Für Batterie-elektrische Autos will die Bundesregierung offenbar den Aufbau eines europaweiten Schnellladenetzes mit Ladeleistungen von mindestens 150 Kilowatt in die überarbeitete AFID-Richtlinie aufnehmen. Laut einem Positionspapier des Bundesverkehrsministerium, das „Tagesspiegel Background“ vorliegt, sollen für Nutzfahrzeuge sogar Ladeleistungen im Megawatt-Bereich angepeilt werden. Laut Bonhoff würden nur diese hohen Leistungen die Zukunftsfähigkeit der Infrastruktur sichern. Einen solchen Ladestandard für Lastwagen gibt es aber noch nicht, die CCS-Initiative CharIN arbeitet derzeit an einem Nutzfahrzeug-Standard, der das Laden mit bis zu zwei Megawatt ermöglichen soll.

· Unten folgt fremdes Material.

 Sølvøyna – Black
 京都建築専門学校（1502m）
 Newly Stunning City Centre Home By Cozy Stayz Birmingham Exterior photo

Neben dem Aufbau der Infrastruktur will Deutschland im Rahmen seiner Ratspräsidentschaoft noch ein weiteres Thema angehen: Die Abrechnung an Ladesäulen. „Neben dem Netzaufbau haben wir insbesondere in puncto Kundenfreundlichkeit noch einiges vor“, so Scheuer. „Wir wollen ein europaweit einheitliches Bezahlsystem fürs Stromladen und Wasserstofftanken.“ In einer Mitteilung des Verkehrsministerium heißt es, man brauche Regelungen, „die das Auffinden von Ladeinfrastruktur in allen EU-Mitgliedstaaten und eine einfache Authentifizierung ermöglichen sowie Preistransparenz und einheitliche Bezahlsysteme sicherstellen“.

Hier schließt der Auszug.